─── Data section
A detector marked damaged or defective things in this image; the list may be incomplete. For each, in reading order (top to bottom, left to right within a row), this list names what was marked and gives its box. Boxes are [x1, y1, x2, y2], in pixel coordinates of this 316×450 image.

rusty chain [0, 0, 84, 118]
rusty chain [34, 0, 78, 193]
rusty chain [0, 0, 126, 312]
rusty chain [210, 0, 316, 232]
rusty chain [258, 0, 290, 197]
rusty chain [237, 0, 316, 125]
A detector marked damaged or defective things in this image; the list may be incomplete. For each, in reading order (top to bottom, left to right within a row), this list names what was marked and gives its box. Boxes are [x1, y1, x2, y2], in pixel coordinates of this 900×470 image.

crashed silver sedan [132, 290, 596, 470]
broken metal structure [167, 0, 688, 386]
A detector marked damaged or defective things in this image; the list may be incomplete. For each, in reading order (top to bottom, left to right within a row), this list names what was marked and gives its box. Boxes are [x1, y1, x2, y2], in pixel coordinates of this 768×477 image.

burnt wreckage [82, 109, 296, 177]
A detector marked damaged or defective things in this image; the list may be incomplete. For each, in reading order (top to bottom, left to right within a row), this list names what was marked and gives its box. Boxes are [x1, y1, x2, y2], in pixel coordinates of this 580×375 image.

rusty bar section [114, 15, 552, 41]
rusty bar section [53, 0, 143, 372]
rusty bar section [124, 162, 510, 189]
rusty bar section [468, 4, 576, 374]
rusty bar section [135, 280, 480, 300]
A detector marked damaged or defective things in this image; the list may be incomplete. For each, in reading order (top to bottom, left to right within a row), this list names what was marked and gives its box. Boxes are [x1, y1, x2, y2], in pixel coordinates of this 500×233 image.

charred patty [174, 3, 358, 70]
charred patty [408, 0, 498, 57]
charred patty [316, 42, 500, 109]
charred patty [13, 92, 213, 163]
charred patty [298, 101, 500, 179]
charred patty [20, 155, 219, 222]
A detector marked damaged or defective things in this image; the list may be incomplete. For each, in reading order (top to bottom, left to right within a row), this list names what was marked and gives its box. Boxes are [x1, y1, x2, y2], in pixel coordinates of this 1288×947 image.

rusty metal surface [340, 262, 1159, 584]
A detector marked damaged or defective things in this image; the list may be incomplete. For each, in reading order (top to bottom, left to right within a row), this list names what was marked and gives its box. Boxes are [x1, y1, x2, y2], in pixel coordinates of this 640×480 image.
──────
What is expected » Please transcribe only the portion of the material that starts at the line containing "this 580×375 image." and runs through its last line, inclusive, exactly as given.

Your response »
A detector marked damaged or defective things in this image; the list may be incomplete. For each, in reading order (top to bottom, left to right within a row), this list names what was marked and gives its box. Boxes are [x1, y1, x2, y2], in pixel coordinates of this 580×375 image.

rusty bar section [114, 15, 552, 41]
rusty bar section [53, 0, 143, 372]
rusty bar section [124, 162, 510, 189]
rusty bar section [468, 4, 576, 374]
rusty bar section [135, 280, 480, 300]
A detector marked damaged or defective things in this image; the list may be incomplete. For each, in reading order (top to bottom, left to right within a row), this list names what was marked and gives its box. Boxes are [x1, y1, x2, y2], in pixel coordinates of this 500×233 image.

charred patty [174, 3, 358, 70]
charred patty [408, 0, 498, 57]
charred patty [316, 42, 500, 109]
charred patty [13, 92, 213, 163]
charred patty [298, 101, 500, 179]
charred patty [20, 155, 219, 222]
A detector marked damaged or defective things in this image; the list may be incomplete. For each, in reading order (top to bottom, left to right within a row), this list names what was marked and gives its box. Boxes are [x1, y1, x2, y2], in pixel coordinates of this 1288×947 image.

rusty metal surface [340, 262, 1159, 584]
A detector marked damaged or defective things in this image; the list may be incomplete. For each, in reading order (top to bottom, left to right within a row), this list names what was marked and gives its box. Boxes are [x1, y1, x2, y2], in pixel coordinates of this 640×480 image.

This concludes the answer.